Some lines in the material below hold the word "flowers". Copy all of them.

[Record set]
★ ★ ★ ★

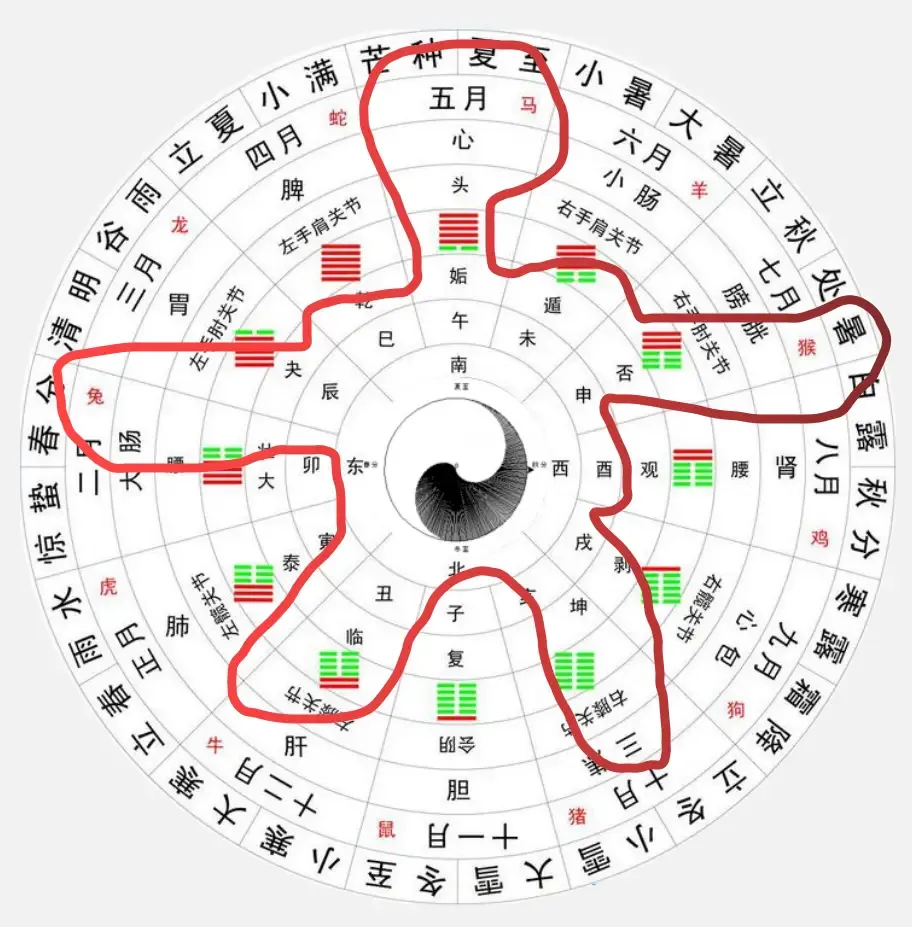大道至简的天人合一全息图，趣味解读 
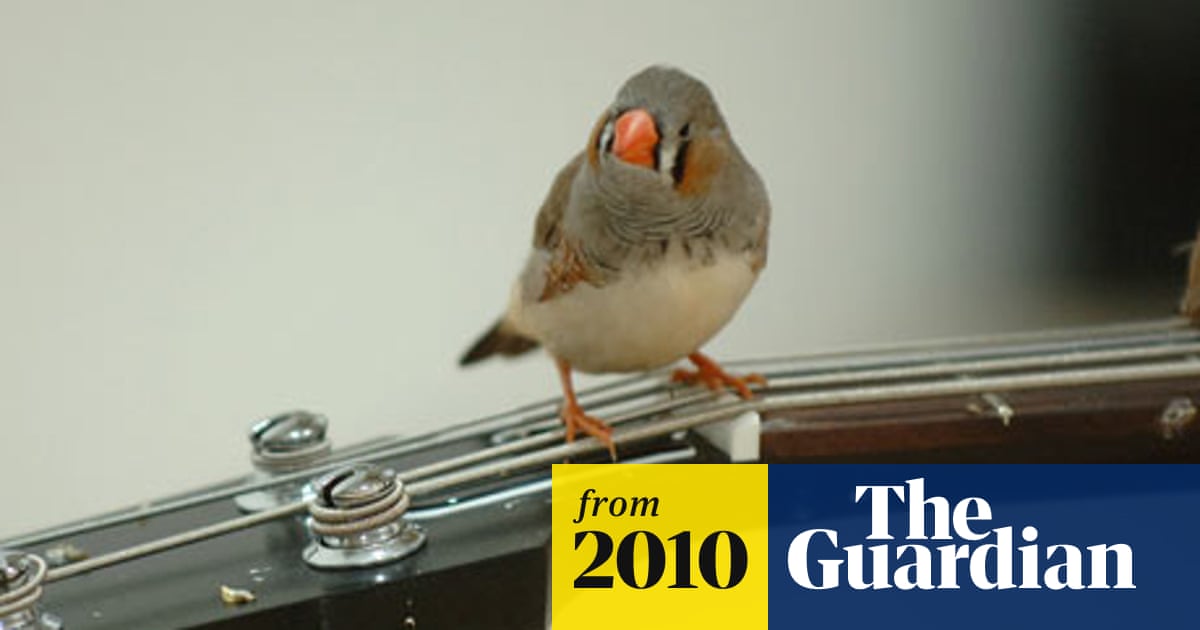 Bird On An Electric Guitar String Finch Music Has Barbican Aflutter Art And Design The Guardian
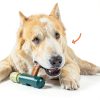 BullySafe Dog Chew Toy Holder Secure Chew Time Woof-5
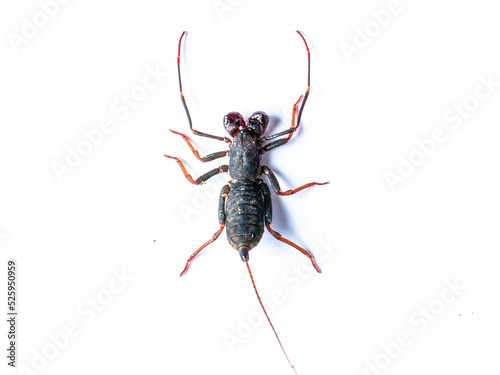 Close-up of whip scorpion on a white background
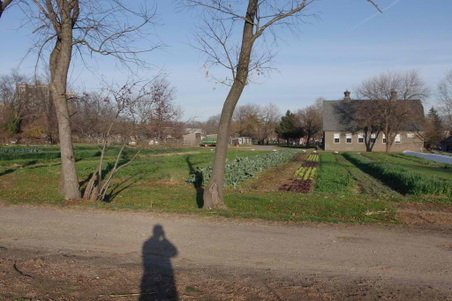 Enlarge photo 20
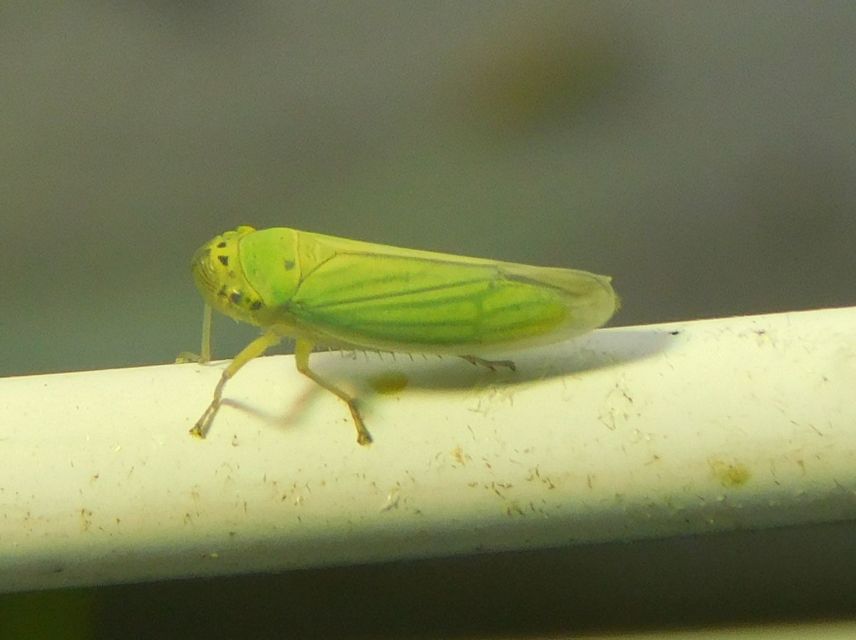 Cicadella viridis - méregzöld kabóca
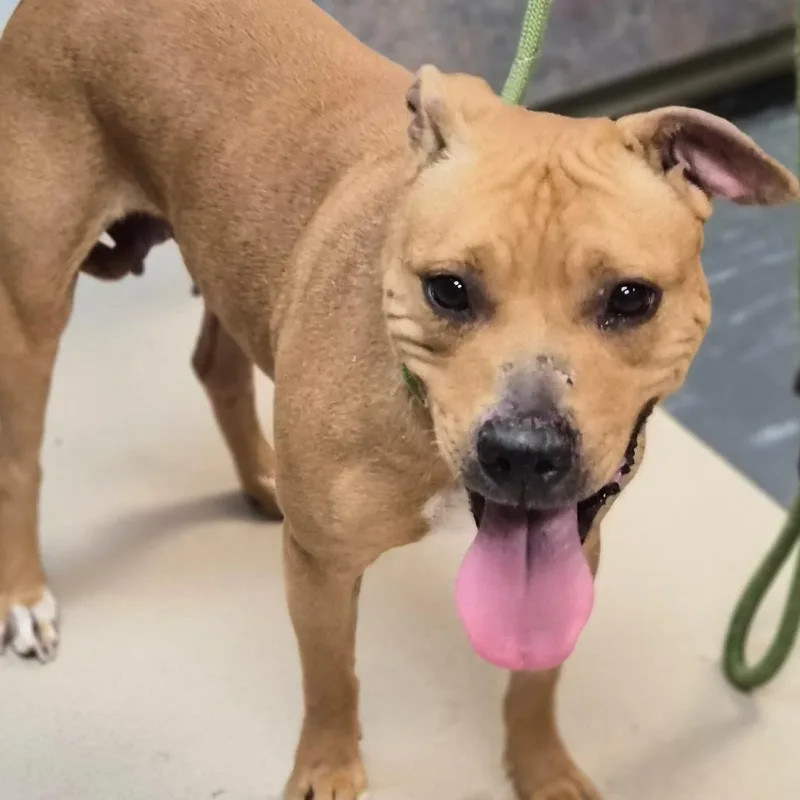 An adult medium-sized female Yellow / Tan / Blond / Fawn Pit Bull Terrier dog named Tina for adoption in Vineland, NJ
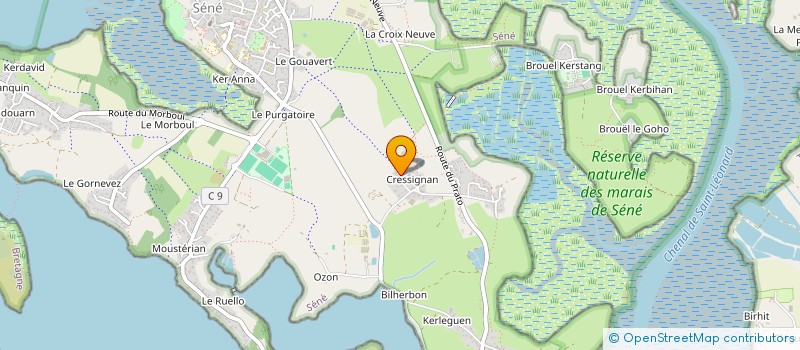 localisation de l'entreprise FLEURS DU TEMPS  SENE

★ ★ ★ ★

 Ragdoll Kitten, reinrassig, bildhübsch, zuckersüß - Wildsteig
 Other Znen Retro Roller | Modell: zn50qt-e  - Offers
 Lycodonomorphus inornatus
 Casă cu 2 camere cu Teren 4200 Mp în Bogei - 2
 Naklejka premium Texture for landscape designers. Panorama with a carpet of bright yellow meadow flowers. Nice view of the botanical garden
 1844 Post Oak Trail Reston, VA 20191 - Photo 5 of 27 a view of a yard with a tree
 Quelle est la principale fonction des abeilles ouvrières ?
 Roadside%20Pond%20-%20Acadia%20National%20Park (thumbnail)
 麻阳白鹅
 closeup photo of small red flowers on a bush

★ ★ ★ ★

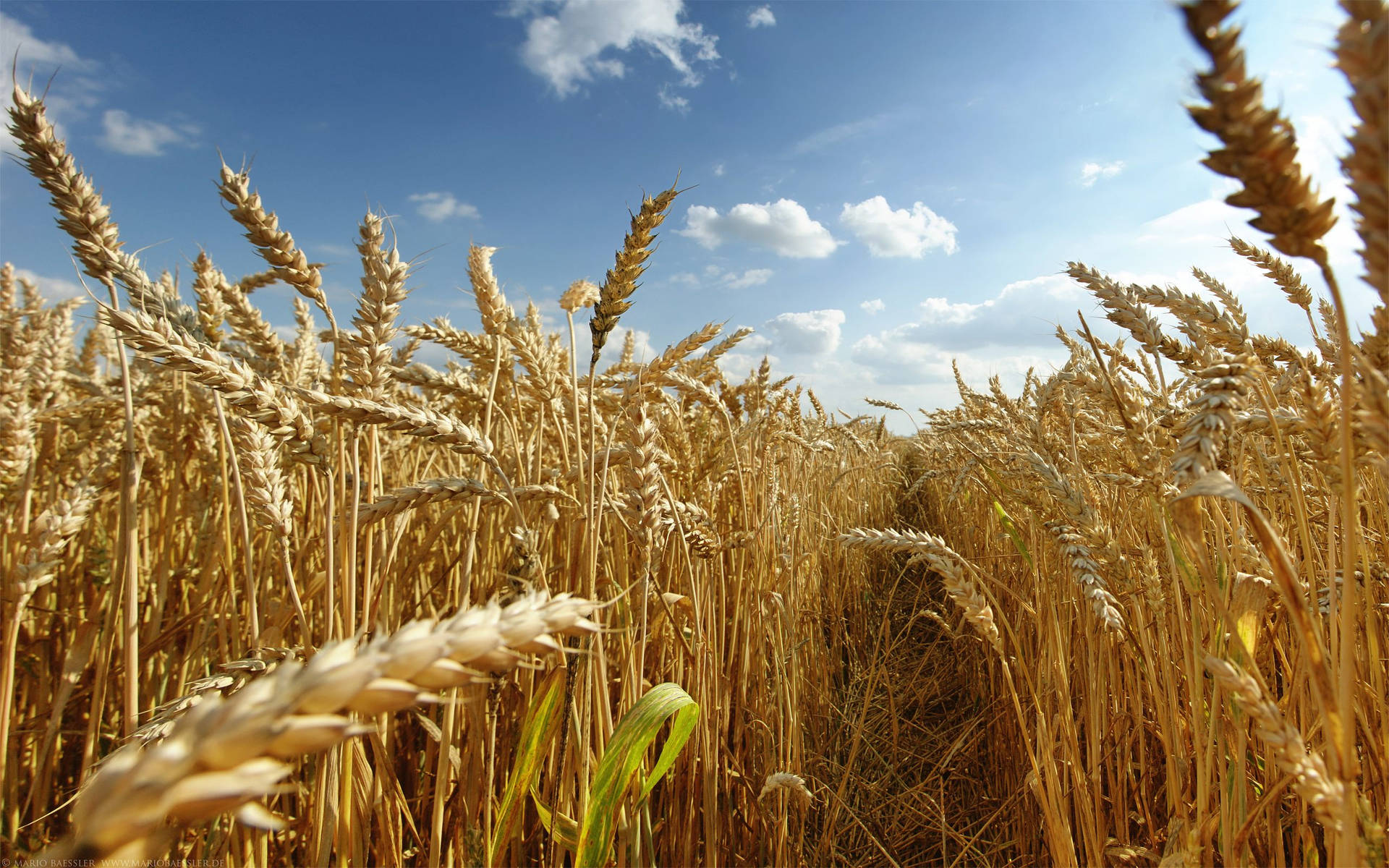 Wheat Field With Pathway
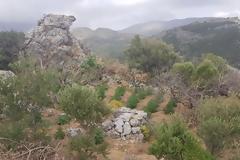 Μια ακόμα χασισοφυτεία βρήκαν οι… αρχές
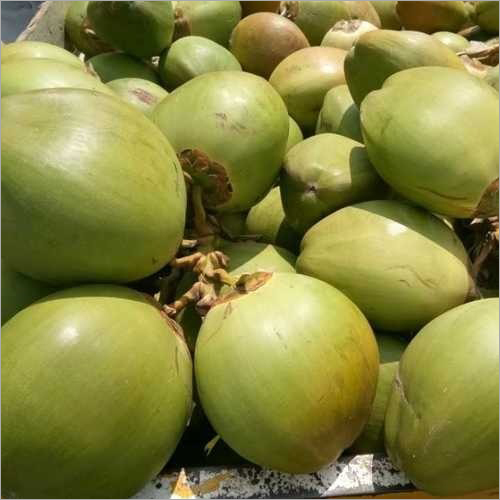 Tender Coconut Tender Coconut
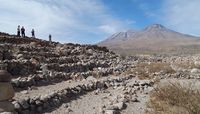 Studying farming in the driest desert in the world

★ ★ ★ ★

[Reply]
 Naklejka premium Texture for landscape designers. Panorama with a carpet of bright yellow meadow flowers. Nice view of the botanical garden
 closeup photo of small red flowers on a bush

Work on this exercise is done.